İLİM İMAN ETTİRİR

İLİM İMAN ETTİRİR

Bir san’at eseri, mamül madde, bir yapıt gördüğümüzde onun ustasını, mucidini veya sahibini sorup, öğrenme ihtiyacı duyarız; merak ederiz. Övgü için de olsa, eleştiri için de olsa bu durum değişmez. Bu his ve ihtiyaç insanlar olarak bizim genlerimizde, fıtratımızda mevcuttur ve de doğaldır.

Bunun iki anlamı vardır: “her eserin bir müessiri, ustası mevcuttur” bu bir; ikincisi ise yapılan bir işi, bir eseri övmek ya da yermek, beğenmek veya beğenmemek en tabii hakkımızdır. İnsanlar olarak yaşadığımız belde veya bölge sınırlıdır, küçüktür; ama evren dediğimiz dünya hakikaten “uçsuz-bucaksız” tabirinde de ifade edildiği gibi ilginçtir ve geniştir. Ve bu dünya üzerinde mucidi, ustası olmayan bir nesne bulmak mümkün değildir. Bu demektir ki, hiç bir şey kendi kendine olmuyor, olması da mümkün gözükmüyor. Varlıkları, olayları, yaşanan hadiseleri “tesadüf” denilen asılsız ve sihirsiz kelimeyle de izah etmek, ya da buna cür’et etmek doğru değildir, aklî olamaz.

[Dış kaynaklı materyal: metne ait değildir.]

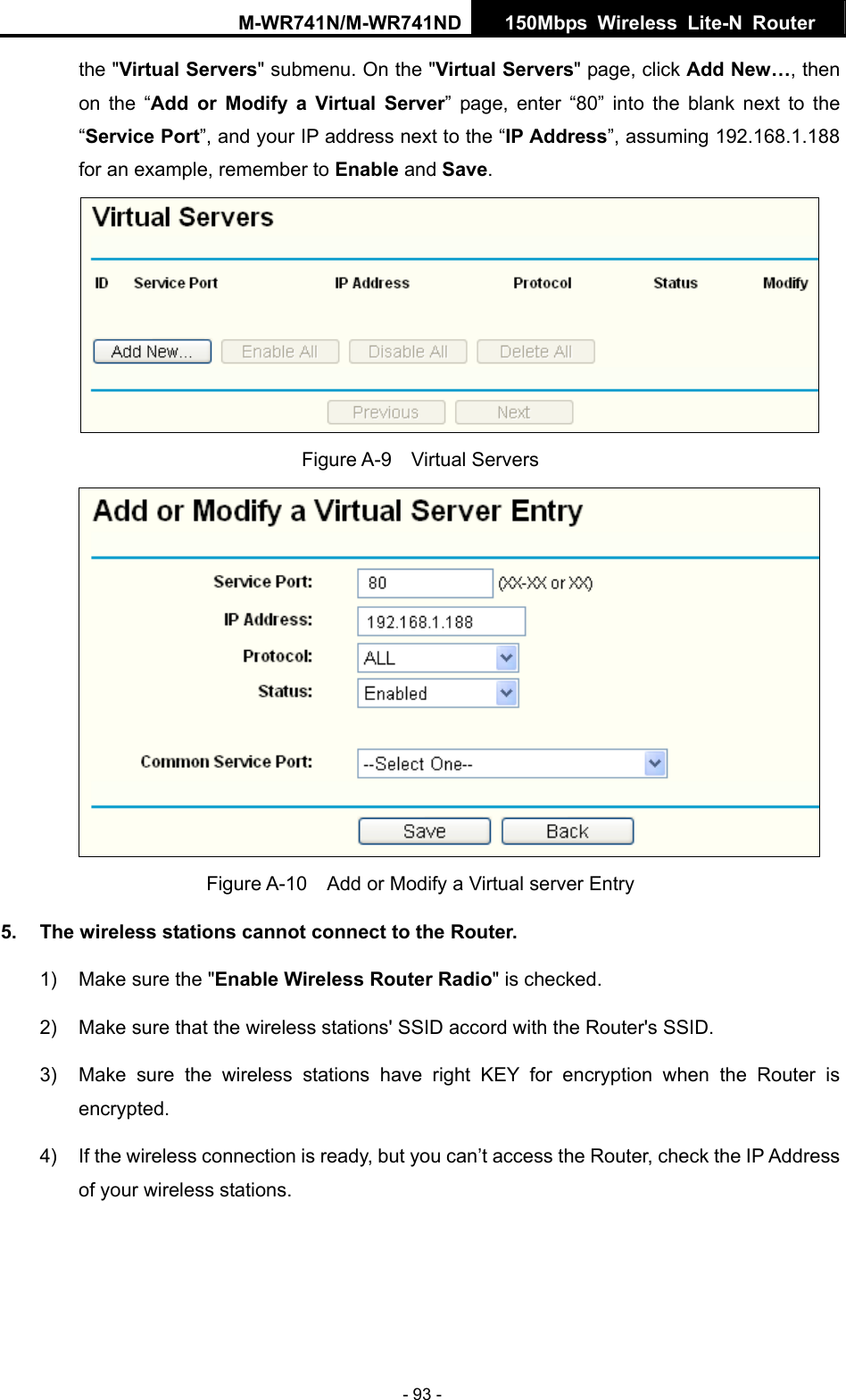 M-WR741N/M-WR741ND  150Mbps Wireless Lite-N Router   - 93 - the "Virtual Servers" submenu. On the "Virtual Servers" page, click Add New&hellip;, then on the &ldquo;Add or Modify a Virtual Server&rdquo; page, enter &ldquo;80&rdquo; into the blank next to the &ldquo;Service Port&rdquo;, and your IP address next to the &ldquo;IP Address&rdquo;, assuming 192.168.1.188 for an example, remember to Enable and Save.  Figure A-9  Virtual Servers  Figure A-10    Add or Modify a Virtual server Entry 5.  The wireless stations cannot connect to the Router. 1)  Make sure the "Enable Wireless Router Radio" is checked. 2)  Make sure that the wireless stations' SSID accord with the Router's SSID. 3)  Make sure the wireless stations have right KEY for encryption when the Router is encrypted. 4)  If the wireless connection is ready, but you can&rsquo;t access the Router, check the IP Address of your wireless stations.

Meselâ deniz bilimci oşinograflar, denizlerdeki kendine mahsus kural ve kaideleri, oradaki canlıların var olma, beslenme ve yaşama şartlarını, okyanuslardaki akıllara durgunluk veren hikmet ve gizemleri enine-boyuna araştırıyorlar, sır dolu bilgilere sahip oluyorlar ve hadiseleri ibretle görüyorlar.

Uzay ve gök bilimi ile meşgul olan insanlar, astrologlar güneşin, ay’ın, yıldızların, galaksilerin ve diğer uzay varlıklarının hareketlerini, konumlarını, durumlarını, inceliklerini araştırıyorlar; harikulade bilgilere vakıf oluyorlar. Gece ile gündüzün, mevsimlerin aşmadan, şaşmadan, bir kılavuza veya rehbere ihtiyaç duymadan düzenli ve intizamlı bir şekilde birbirlerini takip etmelerini hayretle görüyorlar.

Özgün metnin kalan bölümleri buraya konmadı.